» **Task statement**: The entries below are to be repeated exactly, and their pictures left out.

» **Extracted information**:
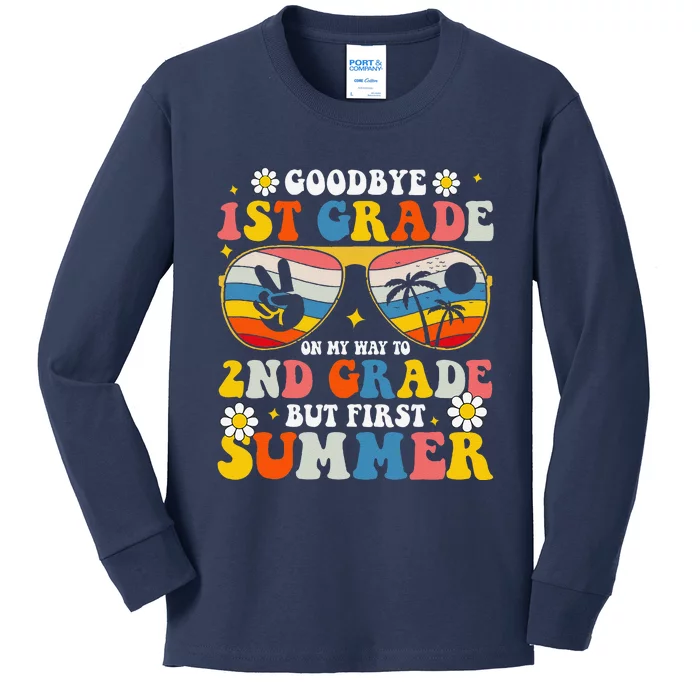 Bye Bye First 1st Grade Hello Summer Last Day Of School Kids Long Sleeve Shirt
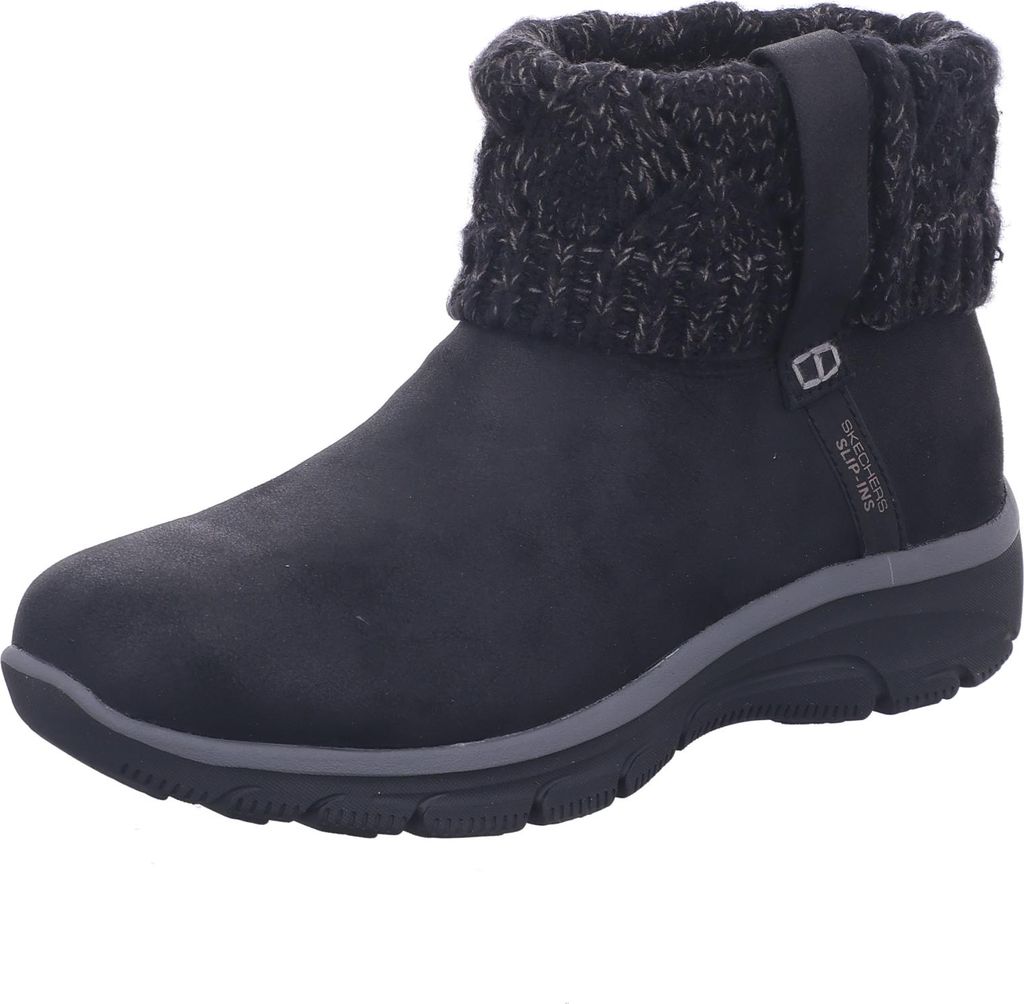 A single black boot with a knitted cuff is shown against a white background.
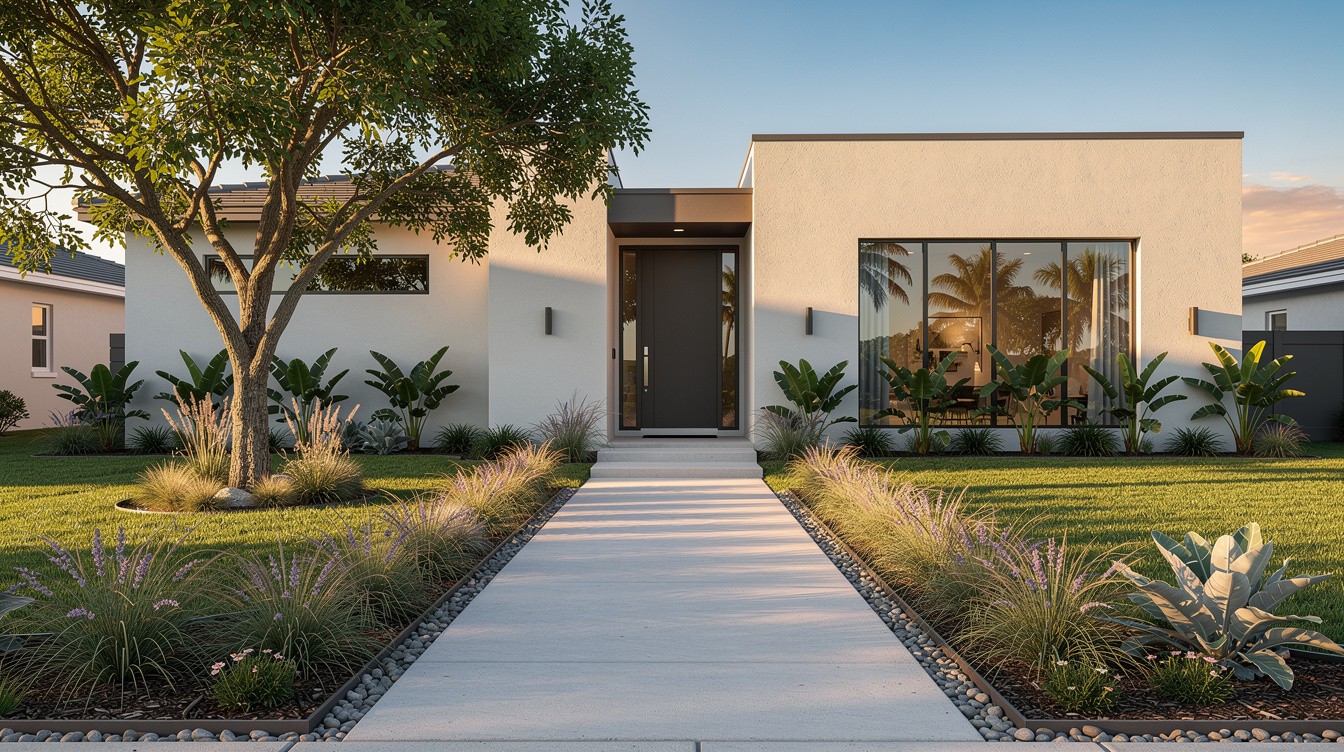 The Grass-Lined Concrete Approach — Modern/Minimalist garden in Pembroke Pines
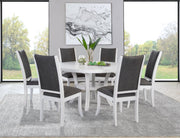 Mesa de comedor redonda de madera Judd de 54 pulgadas con estante en blanco perla
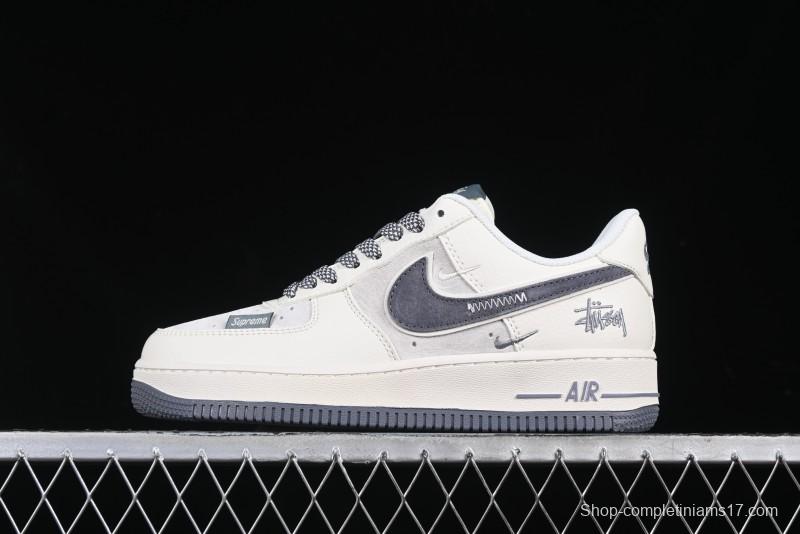Nike Air Force 1 '07 Low Stussy Collaboration Beige Grey Embroidered Swoosh Low-Top Casual Sneakers - DM6688-003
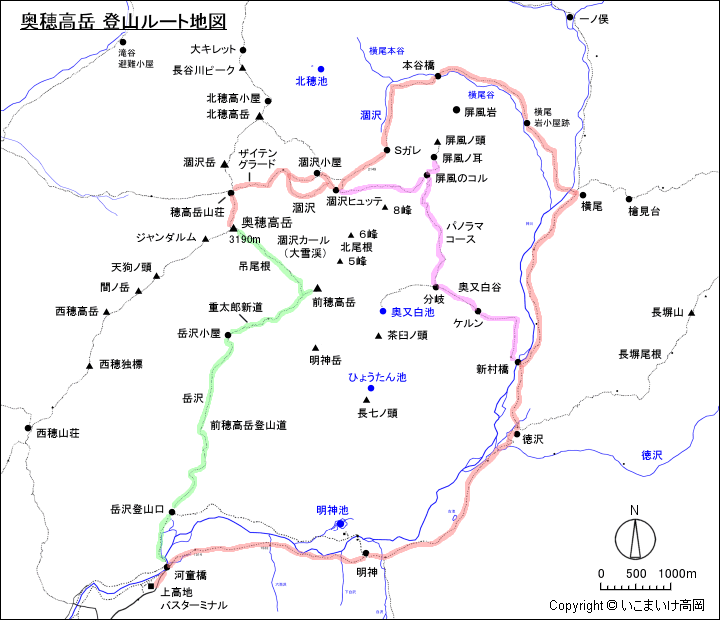 奥穂高岳登山ルート地図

» **Worked solution**:
 Bye Bye First 1st Grade Hello Summer Last Day Of School Kids Long Sleeve Shirt
 A single black boot with a knitted cuff is shown against a white background.
 The Grass-Lined Concrete Approach — Modern/Minimalist garden in Pembroke Pines
 Mesa de comedor redonda de madera Judd de 54 pulgadas con estante en blanco perla
Nike Air Force 1 '07 Low Stussy Collaboration Beige Grey Embroidered Swoosh Low-Top Casual Sneakers - DM6688-003
 奥穂高岳登山ルート地図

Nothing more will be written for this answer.